Input data
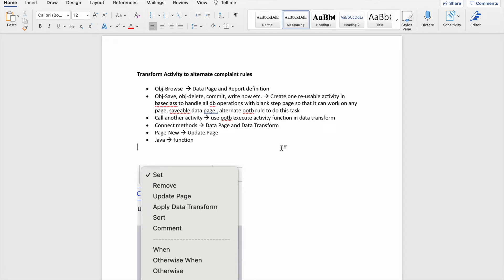Hello everyone, I hope everyone is doing well. Today I'm going to talk about a very interesting topic. I'm not going to talk on my live application. The topic is transforming activity to alternate compliant rules. This requirement is very heavily used if anyone is working in upgrade applications. If you browse my channel, you'll find I have created a completely separate video on how we can improve our guardrail score.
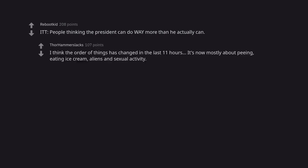I think the order of things has changed in the last 11 hours. It's now mostly about peeing, eating ice cream, aliens and sexual activity.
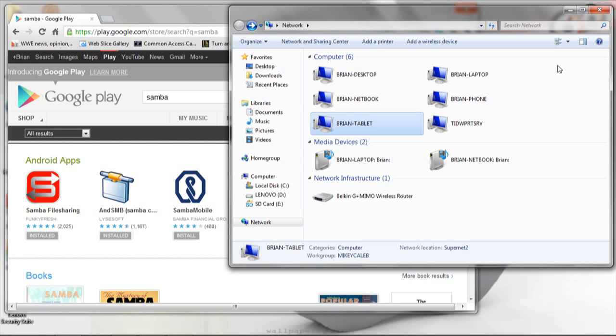It's an easy way to transfer photos from your phone camera over to whatever computer you want to look at them on. Overall, it gives you all the benefits of network file sharing from your phone or tablet device.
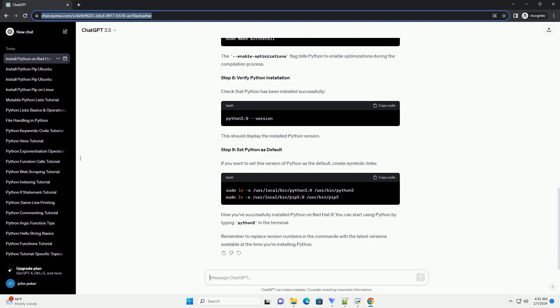Step 7: Configure and Install Python. Run the following commands to configure and install Python. The enable optimizations flag tells Python to enable optimizations during the compilation process.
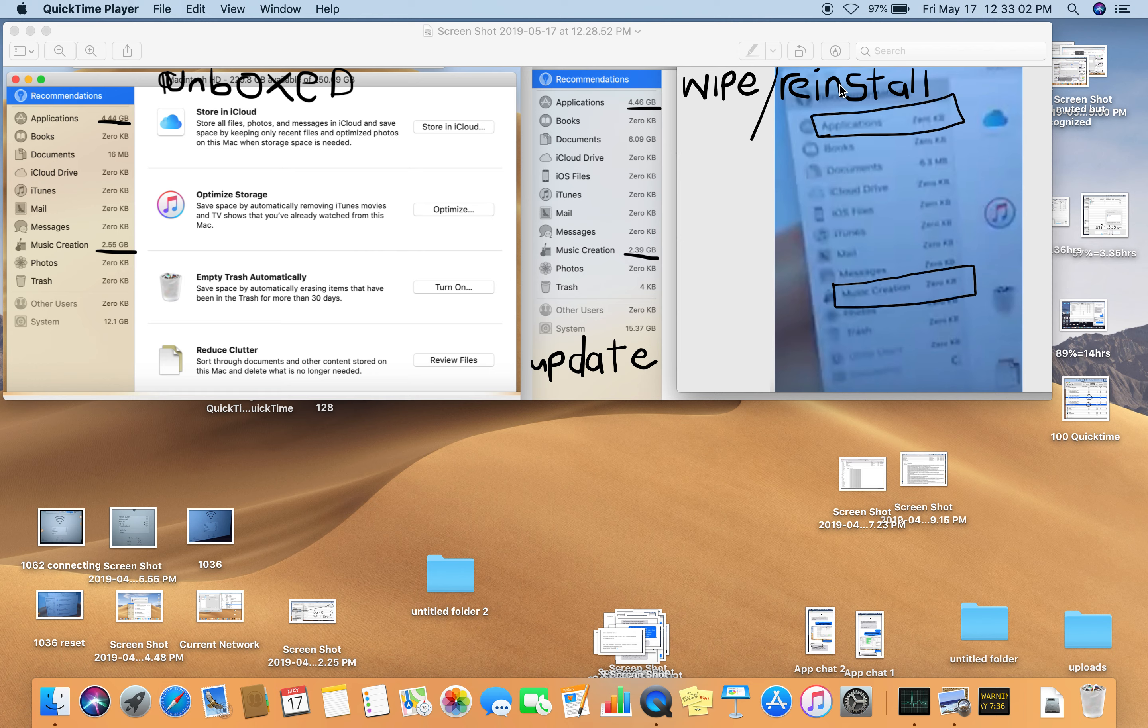When it's wiped and reinstalled, the application is at zero GB and music creation is at zero GB.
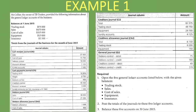Let's get into the example. We're given information and the requirements are: first, open five general ledger accounts — trading stock, sales, cost of sales, equipment, and insurance — with their given balances. Second, post the totals of the journals to these five ledger accounts. Third, balance these five accounts on the 30th of June 2015.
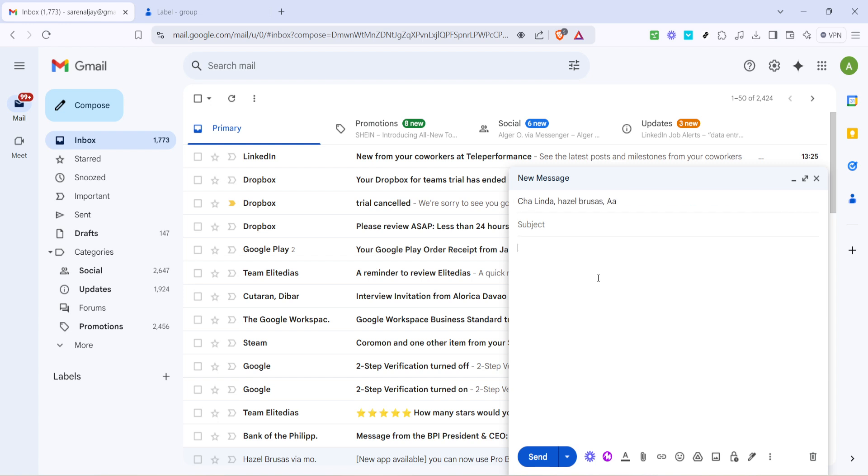It's incredibly straightforward and yet so effective for managing communications with multiple people. I hope you found this step-by-step guide helpful and that you'll start using Gmail groups to simplify your emailing process. Thanks for watching and I'll see you in the next video.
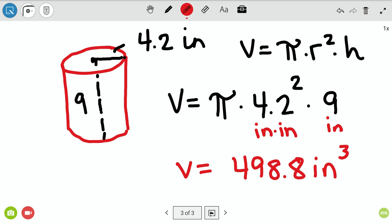Did you get 498? Let me see what you're punching in — square your radius first: 4.2 squared. Hit equals, then times, then pi using the shift button if needed, equals, then times 9. The hardest part of this whole section is figuring out the buttons on your calculator — so it's not bad at all.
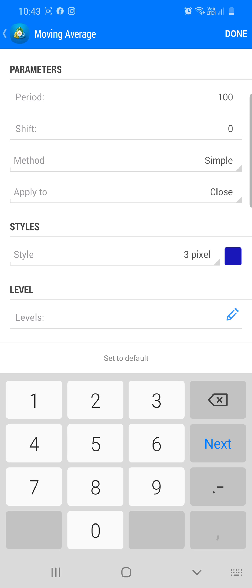Now, what the period is — do you remember at school when you got taught how to do the mean, the mode, and the median? So remember when it came to the mean, you added up all the numbers and you divided it by how many results there were. This is pretty much what the period does — it counts 100 candlesticks back in this case, and then divides that by the close of each price. And that's what gets your moving average.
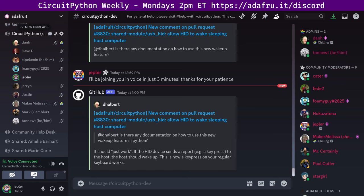Hello, everyone. This is the CircuitPython weekly meeting for June 10th, 2024. It's the time of the week where we get together to talk about all things CircuitPython. I'm Jeff, and I'm sponsored by Adafruit to work on CircuitPython, which is a version of Python designed to run on tiny computers called microcontrollers. CircuitPython development is primarily sponsored by Adafruit, so if you want to support Adafruit and CircuitPython, consider purchasing hardware from adafruit.com.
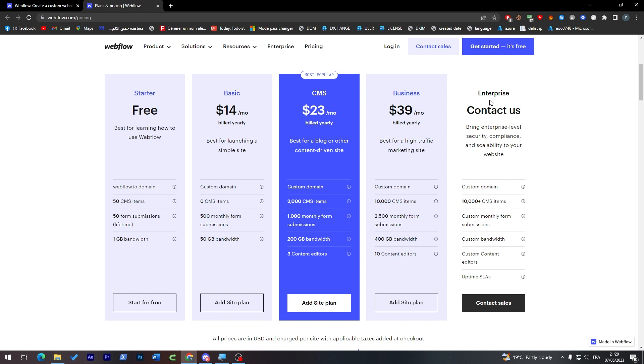And on the other side you will find the Enterprise plan. The Enterprise plan of course will be much more expensive than all of these and it is very customizable as you'd like. You'll get custom domain name, you will have more than 10K CMS items depending on how many you ask for, a custom monthly form submission, a custom bandwidth, custom content editors, and uptime SLAs in here of course.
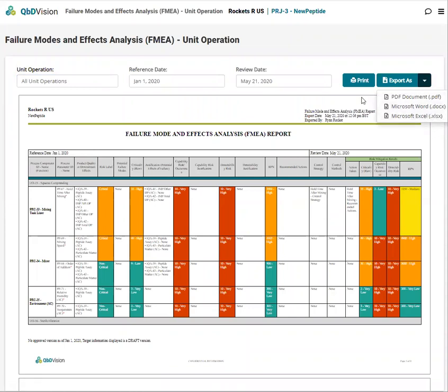This report can be quickly generated with updated information as you progress throughout the stages of your development lifecycle. Try it out today. See how much time you can save during your project by automatically generating reports like the FMEA using QBD Vision. Thanks for watching.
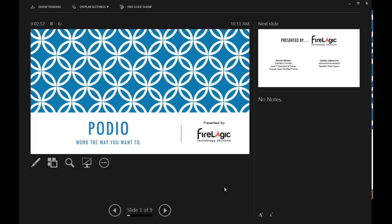Podio is an online software platform. Lindsay calls it an online task management tool. I call it more of an online workspace platform. What it allows you to do is almost anything you want to do: organize information, collect information, have tasks going on between different groups of people. It's a multifaceted kind of tool. It's fascinating.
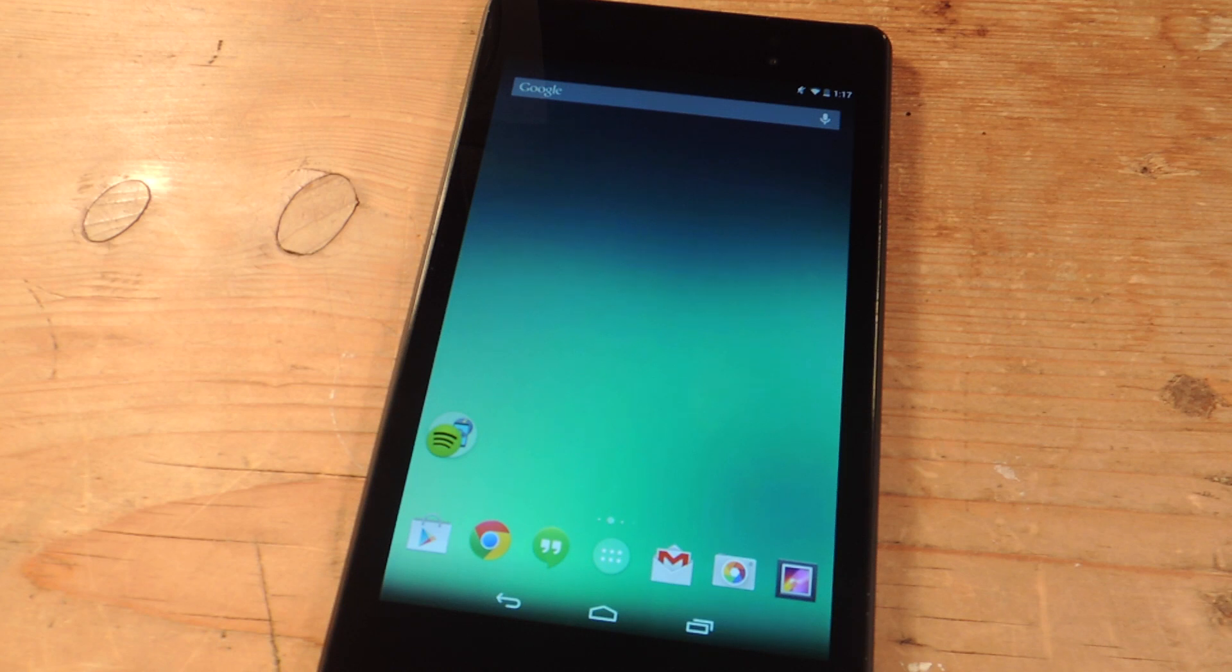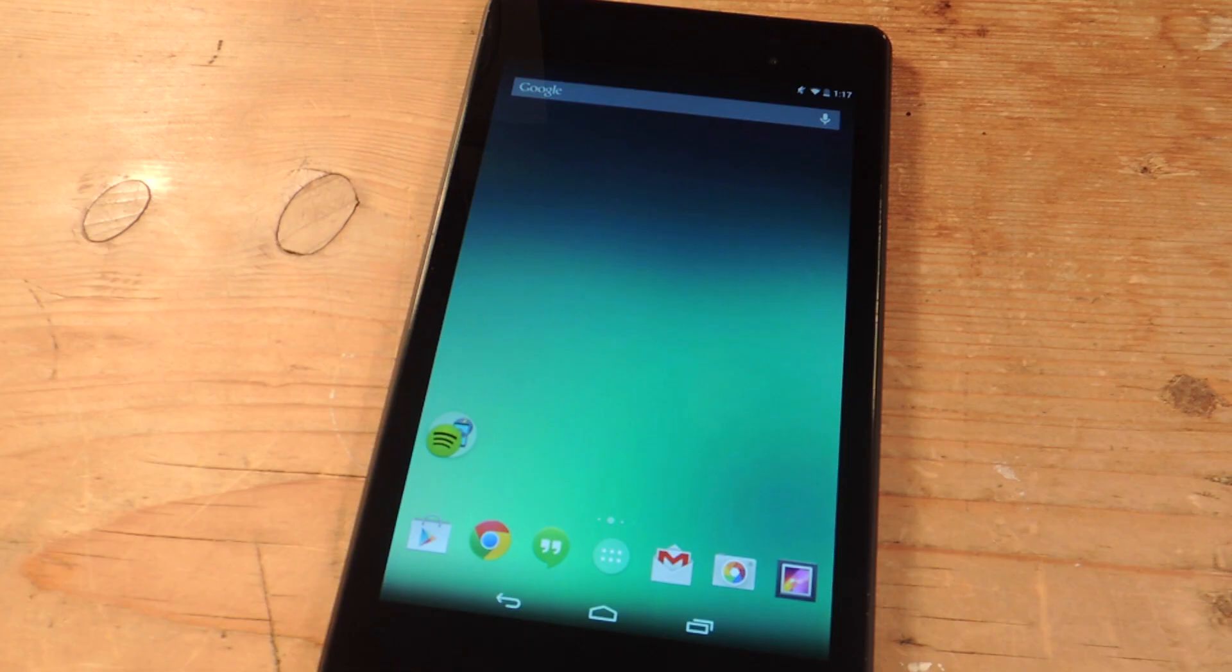Hey what's up everybody, Neo here. Today I'm going to show you how to enable kids mode on your Nexus device.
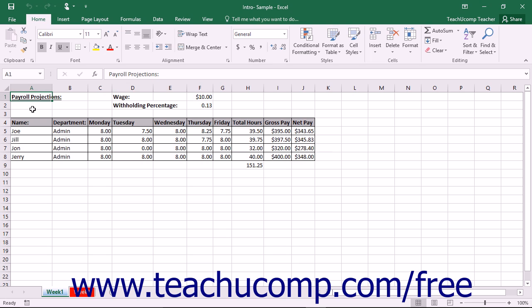In Excel, you can have multiple workbooks open at a time to perform functions like copying and pasting text between them, for example.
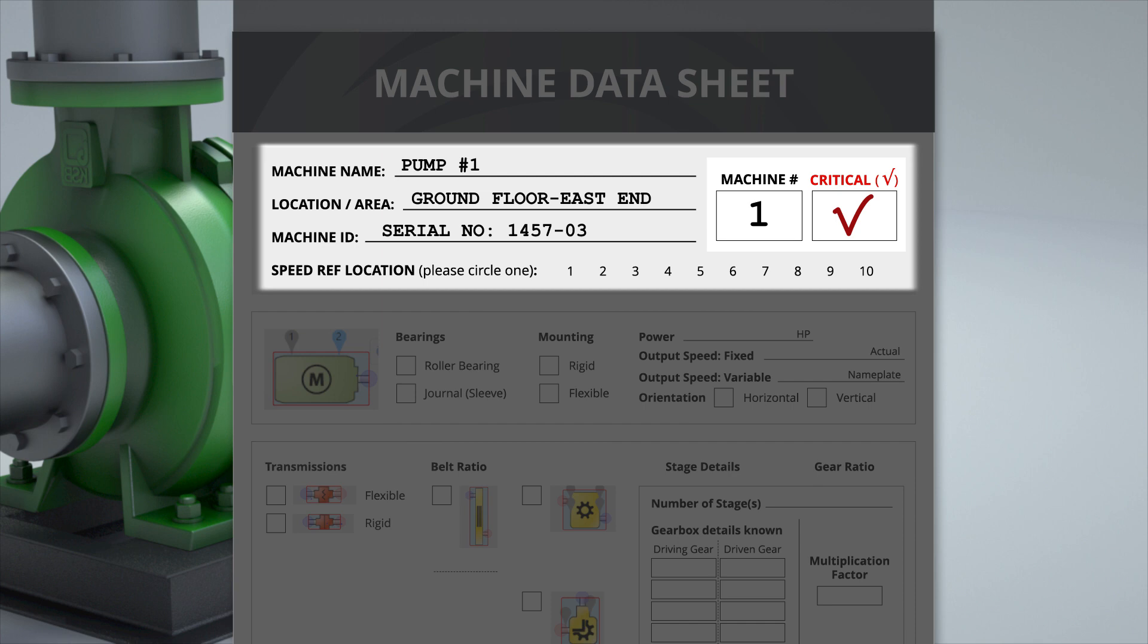Speed reference location is not required, but helpful in the case of multiple gearboxes or other configurations. 1 and 2 denote the motor, 3 and 4 denote the coupling or gearbox input, and so on.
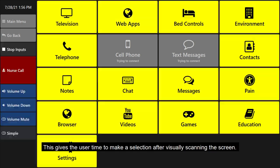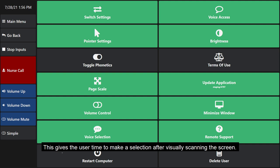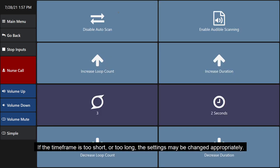This gives the user time to make a selection after visually scanning the screen. If the time frame is too short or too long, the settings may be changed appropriately.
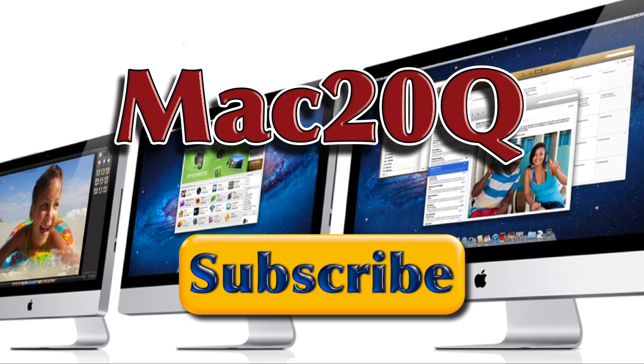Don't forget to subscribe so that you know when the next videos are coming out from Mac 20 Questions. Bye-bye now.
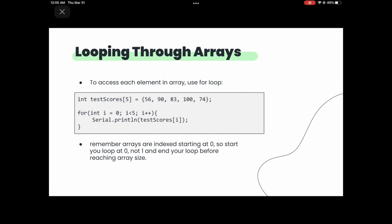Commonly when using arrays, you want to access each item. To do this, use a for loop. The standard notation is: for(int i = 0; i < 5; i++), then inside the loop, serial.println(testScores[i]). Remember that the index starts at 0, which is why we do int i = 0, not int i = 1.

Task instructions
Word for word, quote the lines above. Omit the pictures.

Exercise result
Hello everyone, I hope everyone is doing well. Today I'm going to talk about a very interesting topic. I'm not going to talk on my live application. The topic is transforming activity to alternate compliant rules. This requirement is very heavily used if anyone is working in upgrade applications. If you browse my channel, you'll find I have created a completely separate video on how we can improve our guardrail score.
I think the order of things has changed in the last 11 hours. It's now mostly about peeing, eating ice cream, aliens and sexual activity.
It's an easy way to transfer photos from your phone camera over to whatever computer you want to look at them on. Overall, it gives you all the benefits of network file sharing from your phone or tablet device.
Step 7: Configure and Install Python. Run the following commands to configure and install Python. The enable optimizations flag tells Python to enable optimizations during the compilation process.
When it's wiped and reinstalled, the application is at zero GB and music creation is at zero GB.
Let's get into the example. We're given information and the requirements are: first, open five general ledger accounts — trading stock, sales, cost of sales, equipment, and insurance — with their given balances. Second, post the totals of the journals to these five ledger accounts. Third, balance these five accounts on the 30th of June 2015.
It's incredibly straightforward and yet so effective for managing communications with multiple people. I hope you found this step-by-step guide helpful and that you'll start using Gmail groups to simplify your emailing process. Thanks for watching and I'll see you in the next video.
Did you get 498? Let me see what you're punching in — square your radius first: 4.2 squared. Hit equals, then times, then pi using the shift button if needed, equals, then times 9. The hardest part of this whole section is figuring out the buttons on your calculator — so it's not bad at all.
Now, what the period is — do you remember at school when you got taught how to do the mean, the mode, and the median? So remember when it came to the mean, you added up all the numbers and you divided it by how many results there were. This is pretty much what the period does — it counts 100 candlesticks back in this case, and then divides that by the close of each price. And that's what gets your moving average.
Hello, everyone. This is the CircuitPython weekly meeting for June 10th, 2024. It's the time of the week where we get together to talk about all things CircuitPython. I'm Jeff, and I'm sponsored by Adafruit to work on CircuitPython, which is a version of Python designed to run on tiny computers called microcontrollers. CircuitPython development is primarily sponsored by Adafruit, so if you want to support Adafruit and CircuitPython, consider purchasing hardware from adafruit.com.
And on the other side you will find the Enterprise plan. The Enterprise plan of course will be much more expensive than all of these and it is very customizable as you'd like. You'll get custom domain name, you will have more than 10K CMS items depending on how many you ask for, a custom monthly form submission, a custom bandwidth, custom content editors, and uptime SLAs in here of course.
This report can be quickly generated with updated information as you progress throughout the stages of your development lifecycle. Try it out today. See how much time you can save during your project by automatically generating reports like the FMEA using QBD Vision. Thanks for watching.
Podio is an online software platform. Lindsay calls it an online task management tool. I call it more of an online workspace platform. What it allows you to do is almost anything you want to do: organize information, collect information, have tasks going on between different groups of people. It's a multifaceted kind of tool. It's fascinating.
Hey what's up everybody, Neo here. Today I'm going to show you how to enable kids mode on your Nexus device.
In Excel, you can have multiple workbooks open at a time to perform functions like copying and pasting text between them, for example.
Speed reference location is not required, but helpful in the case of multiple gearboxes or other configurations. 1 and 2 denote the motor, 3 and 4 denote the coupling or gearbox input, and so on.
This gives the user time to make a selection after visually scanning the screen. If the time frame is too short or too long, the settings may be changed appropriately.
Don't forget to subscribe so that you know when the next videos are coming out from Mac 20 Questions. Bye-bye now.
Commonly when using arrays, you want to access each item. To do this, use a for loop. The standard notation is: for(int i = 0; i < 5; i++), then inside the loop, serial.println(testScores[i]). Remember that the index starts at 0, which is why we do int i = 0, not int i = 1.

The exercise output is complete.